Complete this quote: “In a small, dark room at the lab of a large university hospital…”
Posted by Paul Mason on January 10, 2010
The first line of Why God Won’t Go Away begins, “In a small, dark room at the lab of a large university hospital…” but how would you finish such a sentence?
This week, we want your ideas on how you will complete this unfinished quote by Andrew Newberg, Eugene D’Aquili and Vince Rause:
“In a small, dark room at the lab of a large university hospital…”

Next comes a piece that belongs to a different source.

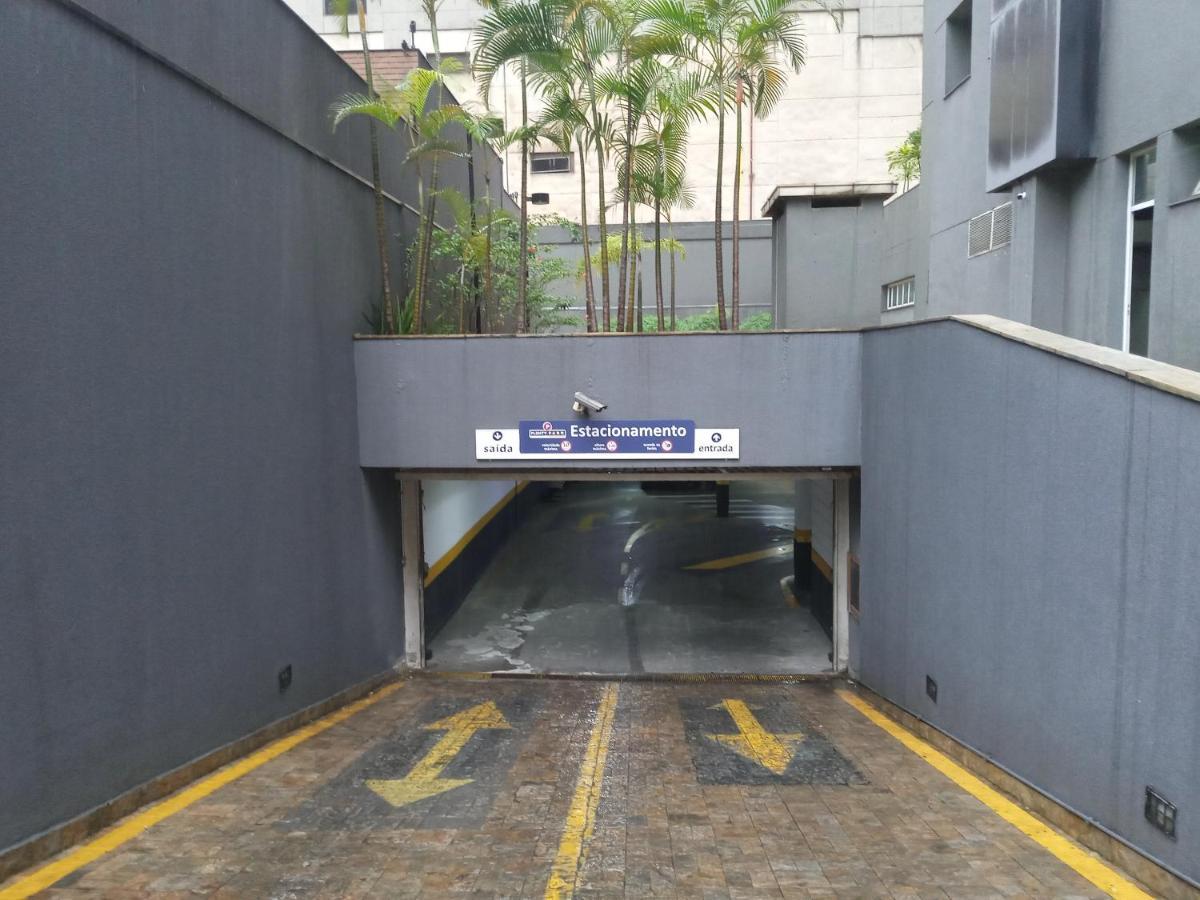 Flat Particular Em Hotel 4 Estrelas Av Paulista São Paulo Eksteriør bilde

D’Aquili worked with one of the very first neuroanthropologists, Charles Laughlin, on the book “The Spectrum of Ritual” published in 1979 (Laughlin, McManus and d’Aquili). Sadly, D’Aquili died before the publication of Why God Won’t Go Away in 2001. The book , Why God Won’t Go Away, goes some distance towards a neuroethological perspective on religious experiences and ideologies particularly among Tibetan Buddhists and Franciscan Nuns. They describe a neurobiological model that links mystical experience with observable brain function. They talk about an underlying religious urge with a brief discussion of the possible origins of religion that reads like something out of evolutionary psychology (pp 130-140). Through what could be interperted as a Lamarckian account of the origins of religious experience (first arising from mystical insights and then entering the gene-pool), they conclude that humans have a genetically inherited talent for mental states that are associated/interpreted/confused with the presence of a higher spiritual power. Could it be that the historical origins of the institutionalisation of religion may be easier to trace than the evolutionary origins of religiosity?
In a recent article in the Philosophical Transactions of the Royal Society, Professor Roger Valentine Short points out a solid scientific study by Bouchard et al. (1999) that demonstrates that this religious urge may in fact be genetic. Bouchard et al. (1999) & Koenig et al. 2005 explored the concordance rates of religiosity between twins who have been reared apart. The study demonstrates that religiosity is a characteristic in which both twins are highly likely to behave identically regardless of the environments in which they were reared. If one twin is religiously inclined, the other will probably be also, even though they might adopt different religions. If the heritability of religiosity is so high then it points to a clear genetic predisposition for religiousness. It is interesting to note that this twin research has received little attention until a recent neuroimaging experiment by Kapogiannis et al. (2009) that associates key aspects of religiosity with cortical volume differences. Robert Winston, whose eloquent work on the human mind you may be familiar with, has also picked up on Bouchard’s research in his book The Story of God.
Anyway, let us put all of that aside for the moment and have some fun. How would you complete the following quote?
“In a small, dark room at the lab of a large university hospital…”

Colleen said
it was discovered then entire reason to believe, that science was simple a matter of faith
Kiran said
lay the secret weapon to beating the divine design, clones in their truest form, alike not only in appearance…but in thought, tendency and emotion
Puneet said
Pinky and the Brain are conspiring about taking over the world
Howard Mazur said
God lay dying…
Janis said
” … lurks a horror never before seen!”
“SEE the monster as it breaks its chains and terrorizes a small nearby town!”
“HEAR the screams of its victims!”
“FEEL the spine-tingling horror!”
“IN 3-D!!!!!!”
Then, you’d have a guy and two robots in the lower right corner eating popcorn and making wisecracks.
MTBradley said
the PI is having it on with his GA at the taxpayers’ expense.